Qdrant on Databricks
Time: 30 min | Level: Intermediate | Complete Notebook |
---|
Databricks is a unified analytics platform for working with big data and AI. It’s built around Apache Spark, a powerful open-source distributed computing system well-suited for processing large-scale datasets and performing complex analytics tasks.
Apache Spark is designed to scale horizontally, meaning it can handle expensive operations like generating vector embeddings by distributing computation across a cluster of machines. This scalability is crucial when dealing with large datasets.
In this example, we will demonstrate how to vectorize a dataset with dense and sparse embeddings using Qdrant’s FastEmbed library. We will then load this vectorized data into a Qdrant cluster using the Qdrant Spark connector on Databricks.
Setting up a Databricks project
Set up a Databricks cluster following the official documentation guidelines.
Install the Qdrant Spark connector as a library:
Navigate to the
Libraries
section in your cluster dashboard.Click on
Install New
at the top-right to open the library installation modal.Search for
io.qdrant:spark:VERSION
in the Maven packages and click onInstall
.
Create a new Databricks notebook on your cluster to begin working with your data and libraries.
Download a dataset
- Install the required dependencies:
%pip install fastembed datasets
- Download the dataset:
from datasets import load_dataset
dataset_name = "tasksource/med"
dataset = load_dataset(dataset_name, split="train")
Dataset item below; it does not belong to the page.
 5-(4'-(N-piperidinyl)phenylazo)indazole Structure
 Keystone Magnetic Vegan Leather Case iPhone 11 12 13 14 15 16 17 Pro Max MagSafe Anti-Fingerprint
# We'll use the first 100 entries from this dataset and exclude some unused columns.
dataset = dataset.select(range(100)).remove_columns(["gold_label", "genre"])
- Convert the dataset into a Spark dataframe:
dataset.to_parquet("/dbfs/pq.pq")
dataset_df = spark.read.parquet("file:/dbfs/pq.pq")
Vectorizing the data
In this section, we’ll be generating both dense and sparse vectors for our rows using FastEmbed. We’ll create a user-defined function (UDF) to handle this step.
Creating the vectorization function
from fastembed import TextEmbedding, SparseTextEmbedding
def vectorize(partition_data):
# Initialize dense and sparse models
dense_model = TextEmbedding(model_name="BAAI/bge-small-en-v1.5")
sparse_model = SparseTextEmbedding(model_name="Qdrant/bm25")
for row in partition_data:
# Generate dense and sparse vectors
dense_vector = next(dense_model.embed(row.sentence1))
sparse_vector = next(sparse_model.embed(row.sentence2))
yield [
row.sentence1, # 1st column: original text
row.sentence2, # 2nd column: original text
dense_vector.tolist(), # 3rd column: dense vector
sparse_vector.indices.tolist(), # 4th column: sparse vector indices
sparse_vector.values.tolist(), # 5th column: sparse vector values
]
We’re using the BAAI/bge-small-en-v1.5 model for dense embeddings and BM25 for sparse embeddings.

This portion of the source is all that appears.